A suspended Assistant Police Commissioner, Samoa Mulinu’u, has strongly denied any wrongdoing in relation to the conduct of his duty.

He has denied that he abused his power in relation to a complaint from a mechanic lodged with the Police. He has also refuted claims he tampered with evidence in the case against former Director of the National Prosecution Office (N.P.O.). Instead he maintains he was merely doing his job.

Samoa was telling his side of the story during a Commission of Inquiry ordered by Cabinet to investigate his conduct in the handling of the criminal matter against Sililoto Peneueta and his involvement in allegedly tampering with witnesses in Mauga’s case.

Samoa and former Inspector Luatimu Samau are the subject of Inquiry.

It is headed by retired Supreme Court Justice Lesatele Rapi Vaai, with Tavui Annie Laumea and Namulau’ulu Sami Leota as members. 

The lawyers assisting are Sefo Ainu’uū and Alesana Tumua of the Office of the Attorney General. Arthur Lesaā is representing Samoa while Luatimu Samau is standing in prose. 

During Mulinuu’s testimony, he denied threatening to arrest Sililoto if he didn’t pay money to a relative of his who had lodged a complaint against him.

 “Constable Solomona Mavaeao brought Sililoto in for questioning but because my office is located before the C.I.D. that is why he was brought into my office first,” Samoa said. 

“I then told him of what Letoga  wants that if he pays back the money, Letoa will withdraw his complaint. However, Sililoto wanted to take the matter to Court."

 “However, during that time Sililoto told me he had told Letoga to give $5,000 tala to fix the car and then he will decide how much the car will cost. But I didn’t threaten him or say anything like that.”

He also took issue with the testimony by Sililoto noting some things said, were inaccurate. 

“During his testimony in here, he told the Commission that the car in question belongs to a palagi man, but when I was talking to him, he said it was his car."

 “What Sililoto is trying to do now is to put another person in there especially this palagi and he knows very well that Letoga is the kind of person who is not really good in English." 

 “This is what I noticed during Sililoto’s testimony; he is trying to put on an act to mislead Letoga.” 

Asked about the allegations of tampering in the case involving Mauga Precious Chang, Mulinu’u said he wanted to find out what the case was about.

Hence the meeting with Mauga to discuss the charges against her. 

“I realised that I needed to fully understand the matter and the charges that we would be charging Mauga with."

“I then asked the Police Commissioner if I could have a look at the files because he told me to accompany him." 

“However, he (Commissioner) told me that he took the file to the A.G’s Office for a final review. He also said they had sought an opinion from a lawyer from New Zealand on whether there was enough evidence." 

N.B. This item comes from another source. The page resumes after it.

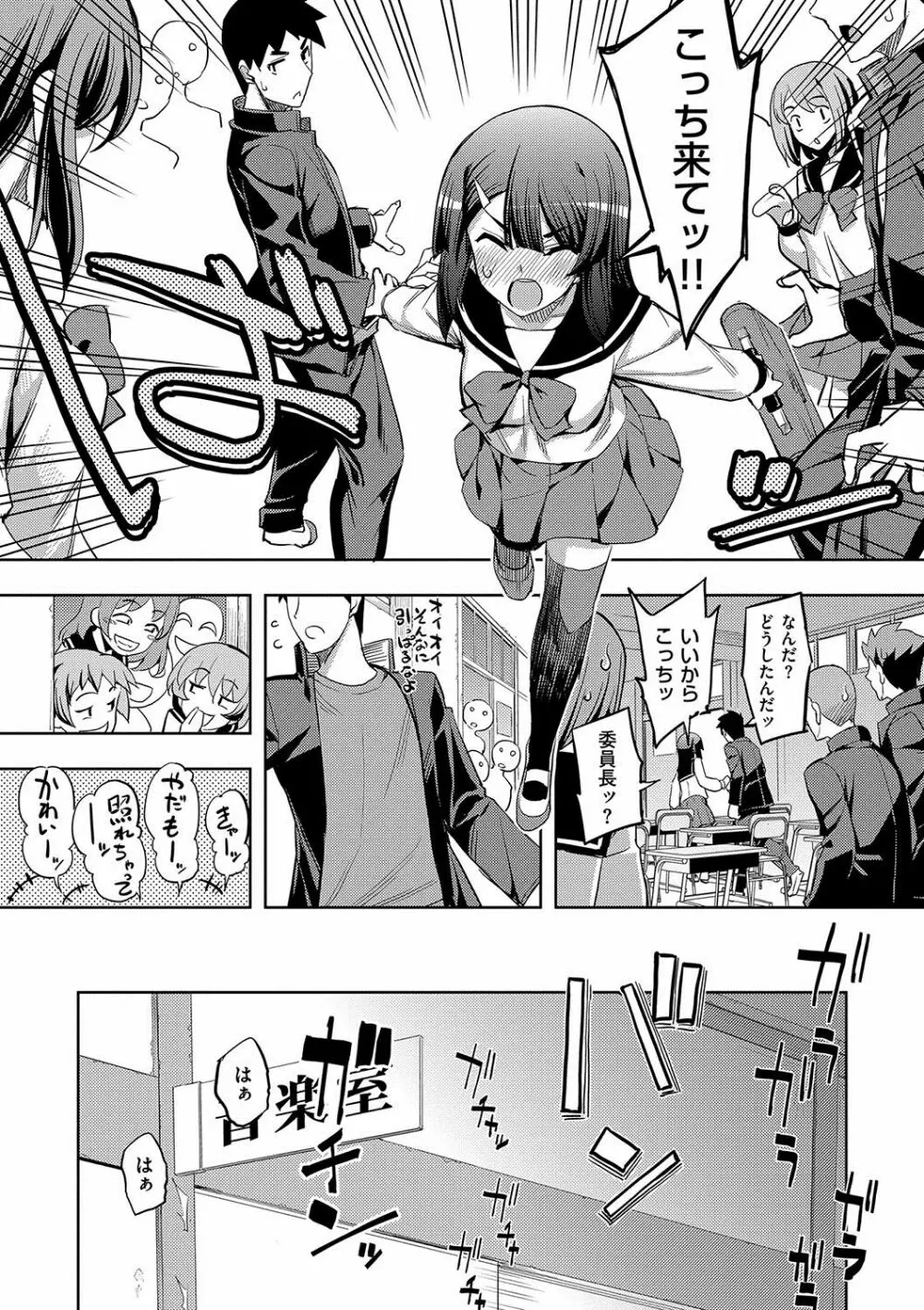 不屈のペロリスト Page.10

“He said the A.G. and the lawyer from New Zealand said there was enough evidence to charge Mauga.” 

It was at that point, he asked the Commissioner for a copy of the file for his understanding of the case. 

 “He told me to call the Traffic Division and ask for the files with regards to the matter and that’s how I got the files.”

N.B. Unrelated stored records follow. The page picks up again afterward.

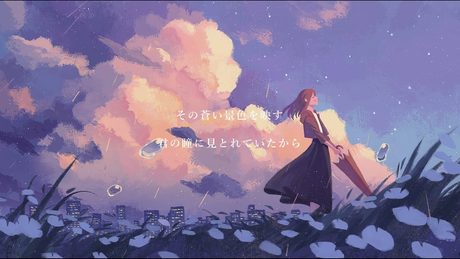 『余熱 』/ feat. 初音ミク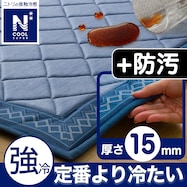 15mmウレタン入り 接触冷感+防汚加工ラグ(NクールSPgKi BL MX34)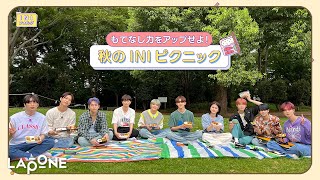 [INIフォルダ] EP.34 秋のINIピクニック🍱 〜食欲の秋編〜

 Upon receiving the file, Mulinu’u noted discrepancies.

“I saw that the photos and the statements taken by the taxi driver and the bus driver did not match,” he said.

Another issue that drew his attention, was the missing information on the report about the brakes of all three vehicles involved.

“I then informed the Commissioner about this and that it needed to be corrected before we could go see Mauga because we are talking about the Director of N.P.O. at the time." 

“The Commissioner was furious when he found out about these mistakes but the file had already been reviewed by the A.G’s Office and they had already approved of it."

“He called out Magalo who conducted the investigation. He was swearing and he was really angry towards Magalo because of this, especially since the photos were different from the statements of the witnesses.”

Mulinu’u said the Police Commissioner told him to correct all the errors in the investigation report.

“But I didn’t tell Magalo to do another investigation. No, I quickly picked up on the errors when I saw the file." 

“I questioned the bus driver when he was brought in and that’s when he said that it was him who crashed into the Tucson. The Tucson kind of bounced to the back and that he also crashed into the taxi that was in front of the Tucson."

“So the bus driver’s statement at this time matched the photographs that were taken. That’s when I asked Magalo why he didn’t do all of this during his investigation but Magalo didn’t reply."

“The taxi driver was also brought in and he said the same thing. So this time the bus driver and the taxi driver were telling the truth, they had changed their statements."

“That’s how I became involved with the investigation because I was basically following orders from my leader to make sure the errors were corrected. I didn’t tamper with the witnesses and the investigation."

“So it was those errors and the orders that I followed from the Commissioner that have landed me here in the Commission and cost me my job.”

Final submissions by both lawyers were presented before the Commission on Monday afternoon.